> _Your assignment_
Would you please give every entry again exactly, without the pictures?
((
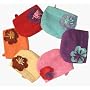 Bewitched Accessories Suede Flower Purse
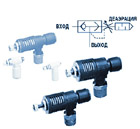 Клапан быстрого выпуска воздуха с пневмодросселем ASV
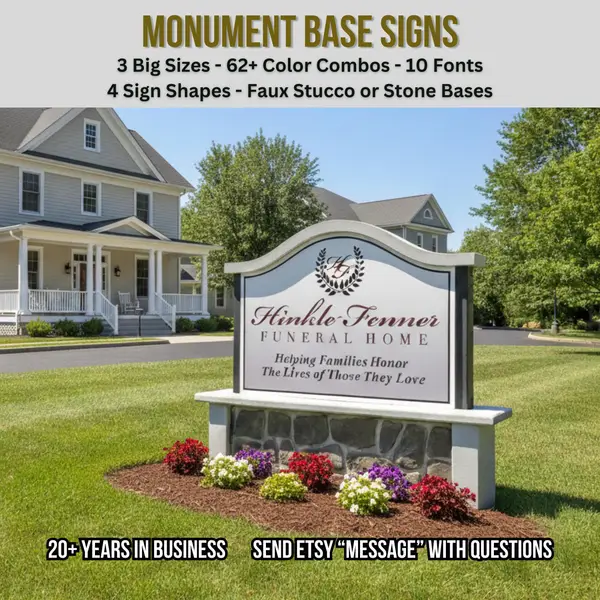 Funeral Home Signs: Materials, Zoning, Pricing, and Maintenance From a Factory Vet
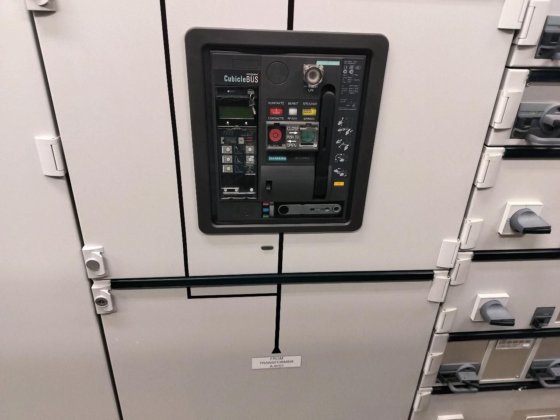 シーメンススイッチギヤ(低圧)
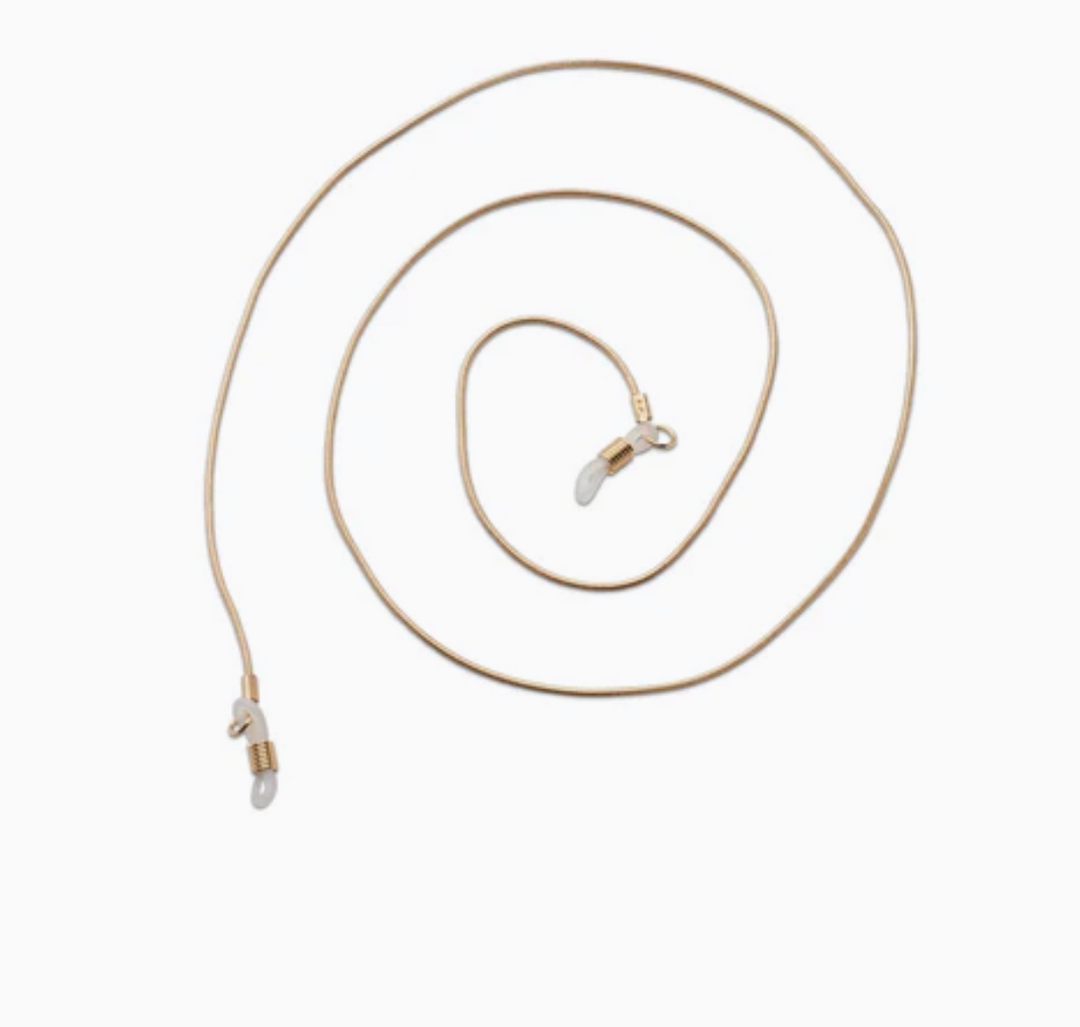 Peepers - Gold Eyewear Chain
))
> _Answer section_
 Bewitched Accessories Suede Flower Purse
 Клапан быстрого выпуска воздуха с пневмодросселем ASV
 Funeral Home Signs: Materials, Zoning, Pricing, and Maintenance From a Factory Vet
 シーメンススイッチギヤ(低圧)
 Peepers - Gold Eyewear Chain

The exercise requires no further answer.